All rings considered below are assumed to be associative and commutative with \( 1 \neq 0 \). Further, all ring homomorphisms map 1 to 1.

Consider the following statements about such a ring \( R \):

P1: \( R \) is isomorphic to the product of two rings \( R_1 \) and \( R_2 \).
P2: \( \exists r_1, r_2 \in R \) such that \( r_1^2 = r_1 \neq 0 \), \( r_2^2 = 0 \), and \( r_1 + r_2 = 1 \).
P3: \( R \) has ideals \( I_1, I_2 \subset R \) with \( R \neq I_1 \), \( (0) \neq I_2 \), and \( R = I_1 + I_2 \) and \( I_1 \cap I_2 = (0) \).
P4: \( \exists a, b \in R \) with \( a \neq 0 \), \( b \neq 0 \) such that \( ab = 0 \).

Then, which of the following is/are TRUE?

• A. \( P1 \Rightarrow P2 \)
• B. \( P2 \Rightarrow P3 \)
• C. \( P3 \Rightarrow P4 \)
• D. \( P4 \Rightarrow P1 \)

Hint:

When working with ring homomorphisms and ideals, it is important to check the properties of the ring and its decomposition before drawing conclusions about its structure.

Answer 1

The Correct Option is A, B, C

To determine which statements about the ring \( R \) are true, we will analyze the implications between the given statements \( P1, P2, P3, \) and \( P4 \). Let's evaluate each implication step by step:

1. \( P1 \Rightarrow P2 \):

   Given that \( R \) is isomorphic to the product of two rings \( R_1 \) and \( R_2 \), it can be expressed as \( R \cong R_1 \times R_2 \). In the product ring, we can take \( r_1 = (1,0) \) and \( r_2 = (0,1) \). Then:

   • \( r_1^2 = (1,0)^2 = (1,0) \), so \( r_1^2 = r_1 \neq 0 \).
   • \( r_2^2 = (0,1)^2 = (0,0) \), so \( r_2^2 = 0 \).
   • \( r_1 + r_2 = (1,0) + (0,1) = (1,1) = 1 \).

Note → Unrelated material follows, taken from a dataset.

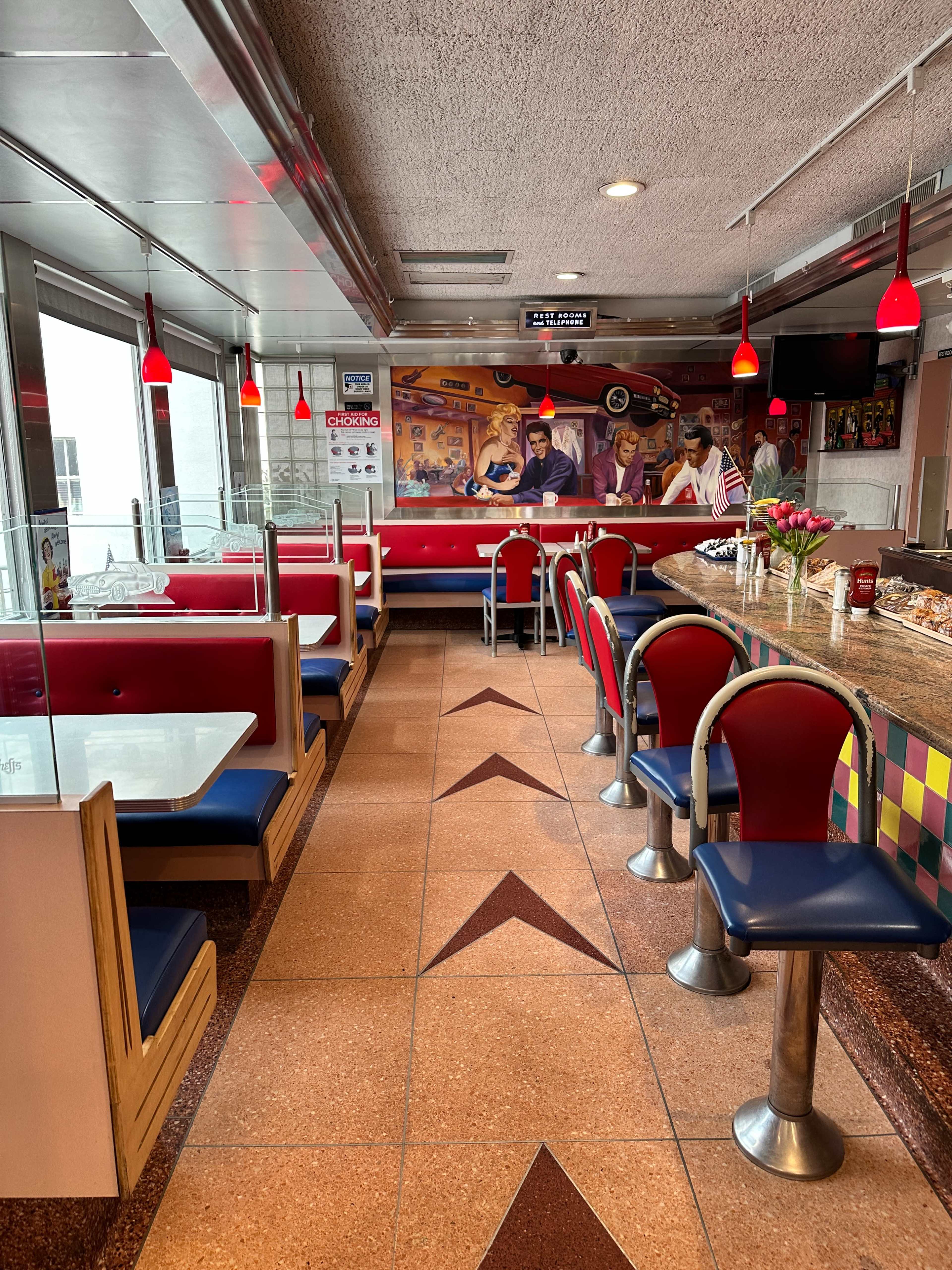 A diner interior with red and blue seating booths, a curved counter with bar stools, and a mural depicting a food theme on the wall.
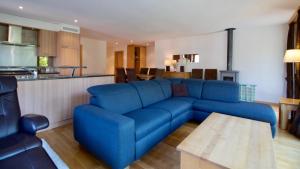 uma sala de estar com um sofá azul e uma cozinha em Chalet Fortuna 2 em Wengen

   This satisfies the conditions of \( P2 \). Therefore, \( P1 \Rightarrow P2 \) is true.

2. \( P2 \Rightarrow P3 \):

   Suppose there exist \( r_1, r_2 \in R \) such that \( r_1^2 = r_1 \neq 0 \), \( r_2^2 = 0 \), and \( r_1 + r_2 = 1 \). Define two ideals in \( R \):

   • Let \( I_1 = \{ x \in R \mid x = xr_1 \} \).
   • Let \( I_2 = \{ x \in R \mid x = xr_2 \} \).

   Then, we can check:

   • \( R = I_1 + I_2 \) because any element \( x \in R \) can be written as \( x = xr_1 + xr_2 \).
   • \( I_1 \cap I_2 = (0) \) because for any \( x \in I_1 \cap I_2 \), we have \( x = xr_1 = xr_2 = 0 \).

   This fulfills the conditions of \( P3 \). Therefore, \( P2 \Rightarrow P3 \) is true.

3. \( P3 \Rightarrow P4 \):

   Suppose \( R \) has ideals \( I_1, I_2 \subset R \) such that \( R = I_1 + I_2 \) and \( I_1 \cap I_2 = (0) \). By these conditions:

   • There exist non-zero elements \( a \in I_1 \cap I_2 \) and \( b \in I_2 \) such that \( a + b = 1 \). Since \( ab \in I_1 \cap I_2 = (0) \), we have \( ab = 0 \).

   Thus, there exist \( a, b \in R \) with \( a \neq 0 \) and \( b \neq 0 \) such that \( ab = 0 \). Therefore, \( P3 \Rightarrow P4 \) is true.

From the above implications, we conclude that the true statements are: \( P1 \Rightarrow P2 \), \( P2 \Rightarrow P3 \), and \( P3 \Rightarrow P4 \).